Polar classique – Meurtre chez tante Léonie, d’Estelle Monbrun

Sacrilège ! On a trouvé un cadavre dans la maison de tante Léonie, celle-là même où Marcel Proust enfant passait ses vacances… Qui a tué Adeline Bertrand-Verdon, la présidente de la Proust Association ? Le commissaire Foucheroux n’a que l’embarras du choix : les suspects sont aussi nombreux que les mobiles. Ce n’est pas un hasard si le crime a eu lieu la veille d’un important colloque réunissant les plus grands spécialistes de A la recherche du temps perdu. Adeline Bertrand-Verdon était unanimement détestée… et crainte, car elle connaissait bien des secrets enfouis. Foucheroux ne tardera pas à découvrir que le petit monde très fermé des « proustolâtres » – l’Eglise des fans de la petite madeleine – compte son lot de turpitudes humaines.

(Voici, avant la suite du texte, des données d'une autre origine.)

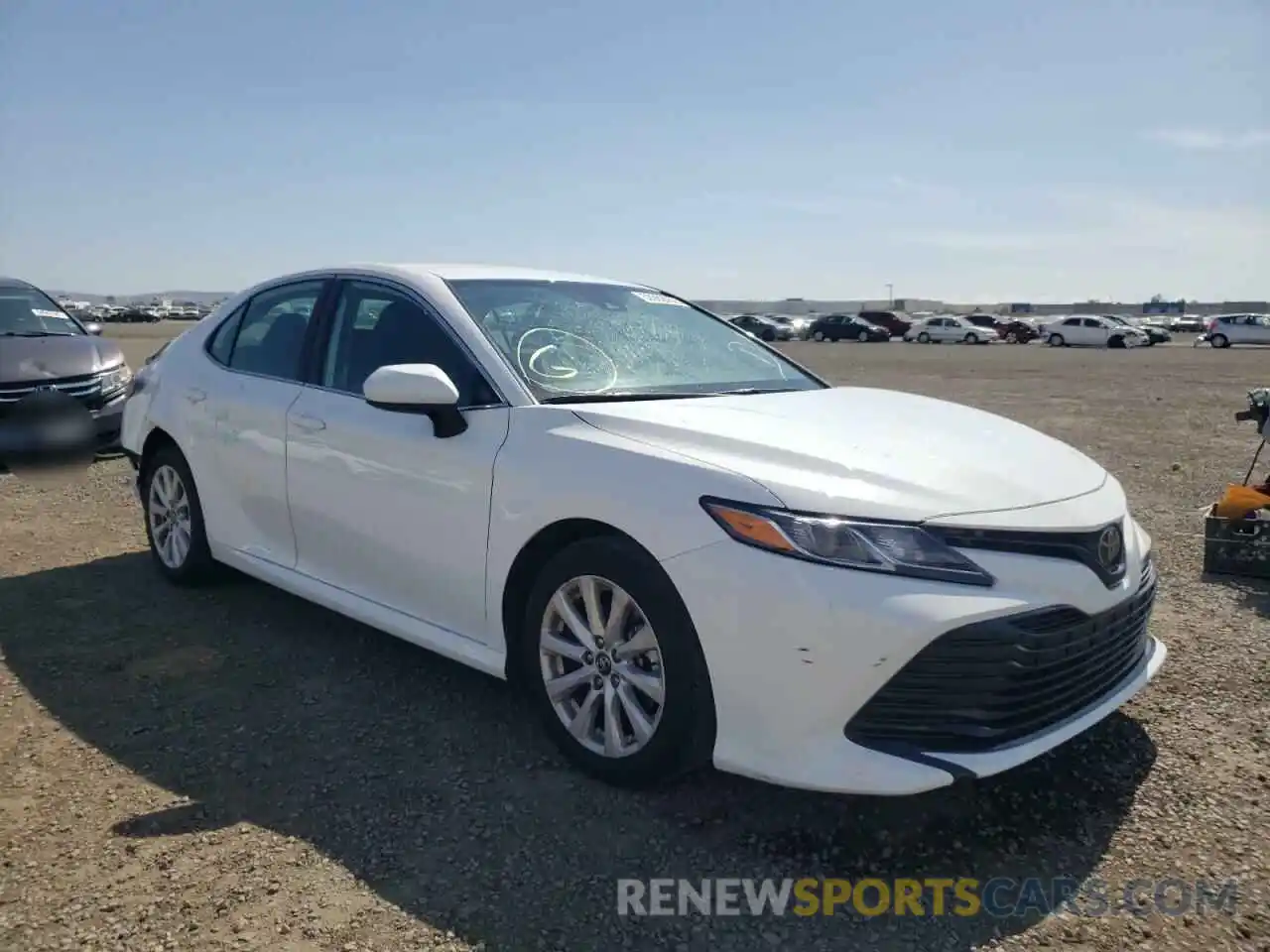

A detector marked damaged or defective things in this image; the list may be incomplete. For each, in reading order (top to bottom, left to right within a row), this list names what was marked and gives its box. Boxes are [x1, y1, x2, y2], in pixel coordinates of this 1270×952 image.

Un crime bien sanglant, une méprise sur l’identité du cadavre, des manuscrits perdus et retrouvés, à la manière du temps dans le fameux roman (ou presque)… Jamais je n’aurais cru que je croiserais Proust dans un roman policier, avec autant de jubilation ! Tout est au petit point dans cette intrigue qui va ravir les accros des polars (dont je suis) et les fétichistes de Proust (dont je ne suis pas – je dois l’avouer bien humblement, en dépit d’un essai de relecture à la faveur du confinement). Il y a du génie dans l’histoire de ce crime, qui fonctionne apparemment sur le mode Cluedo, mais il faut voir au-delà des apparences. Au nombre des suspects : un professeur d’université, un éditeur, un critique américain et un vicomte aux manières compassées. Au milieu de cette partie aux enjeux multiples, la petite secrétaire Gisèle Dambert, qui a l’air d’un oisillon tombé du nid… Une suspecte singulièrement exposée, dotée d’un mobile puissant mais qui fait pitié. Et si tout cela n’était que comédie de sa part? A voir, donc… Mention spéciale à l’enquêteur principal, le commissaire divisionnaire Jean-Pierre Foucheroux, dit « Ban-ban » depuis qu’un tragique accident de la route l’a estropié, qui apparaît dès le début du roman sous les traits d’un simple voyageur – un procédé efficace, à reprendre à mon compte! Un personnage plus vrai que nature, sympathique dès le premier mot et que je me réjouis de suivre dans d’autres enquêtes.

Meurtre chez tante Léonie, c’est le triomphe du détail qui frappe, dans le respect des vingt grandes règles du roman policier, avec une très remarquable pointe d’humour et de légèreté, le tout dans l’un des hauts lieux de la culture littéraire française, à Illiers-Combray. L’auteur est d’ailleurs une des spécialistes reconnues de Proust, ce qui ajoute encore au plaisir et à l’intérêt de ce roman hors norme. Une crédibilité qui n’était pas évidente, mais le pari est gagné avec brio. De quoi me convaincre d’un petit retour à l’univers de Swann – encore plus depuis que j’ai appris que Proust adorait le mode pastiche qui le divertissait et le ravissait. Et avec cela, les madeleines sont partout! Par ici, les gourmands!